Giving example of other places in the world suffering the similar woes as Shimla, experts inform that places like Singapore, Hong Kong have similar issues, but they have tremendously improved their public transport systems, and side by side they are also discouraging citizens from buying new cars/vehicles.
To curb parking demand, experts proposed some measures. They state that concept of congestion pricing should be introduced around the Cart Road. The user fee should be high during morning (9.00AMto12.00noon) and evening (5.00PMto8.00PM) peak hours. Secondly they add that mandatory plying of staff /student buses through HRTC and private operators with more than 50 employees should be encouraged. Adding that penalty of Rs.1, 000/- per car per day should be levied for all cars parked outside these premises. Thirdly they state that Working Place Parking Levy (WPPL) to be introduced in public institutions at an initial stage and the same should be extended to private institutions/ organizations in the city. “Revenue generated from the WPPL may be used in improving public transport infrastructure,” they added. Fourthly a Certificate of entitlement (COE) should be introduced. COE is a license received in a successful winning bid in an open bid uniform price auction by MC Shimla recommending cases to the RTO/SDMs offices to grant the legal right of the holder to register own and use a vehicle within the city for a period of 10 years. “When demand is high, the cost of a COE should even exceed the value of the car itself,” they assert. Adding that the number of COE should be determined on a quarterly basis keeping in mind the holding capacity of the city. They further added that to minimize parking issues vehicles having crossed more than 15 years of life shall have to be abandoned. To minimize parking issues in residential areas and to reduce pressure on roads; road tax should be levied upto half the price of the 2nd car purchased by any house hold. “If the price of car is Rs. 10 lakh and above MC Shimla road tax upto 10% of the price of the car should be levied,” they add.

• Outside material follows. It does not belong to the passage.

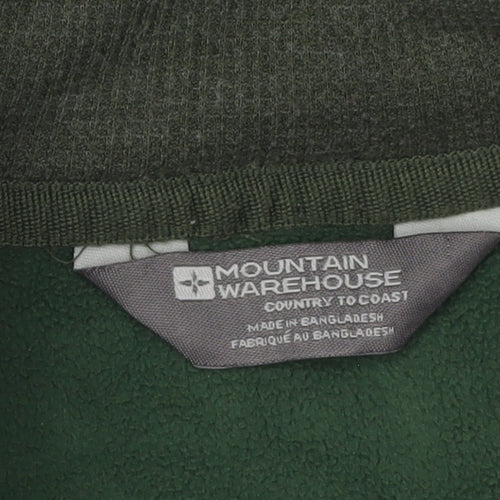 Mountain Warehouse Men's Green Pullover Fleece Sweatshirt M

Construction of parkings in the city (Wardwise) might take some time. Meanwhile parking supply measures in residential areas should be applied, suggest experts. They state that community parking in each sector should be created by using neighborhood commercial and institutional parking lots overnight, on rental basis, to be managed and run by the registered Resident Welfare Associations (RWAs).
Though measures suggested by experts point towards an effective solution for the city problem, but implementation is a question mark. Wherein successive government have been batting in favour of illegal retention policies (Now stopped due to a NGT directive), then how is it feasible that they would be even think of a policy to levy such stringent norms on precious voters. Moreover such norms would invite protest from heavyweights which could hurt political aspirations. Therefore continually successive governments keep coming out with middle path solutions, which can hardly erase the overgrowing parking problems of the erstwhile summer capital.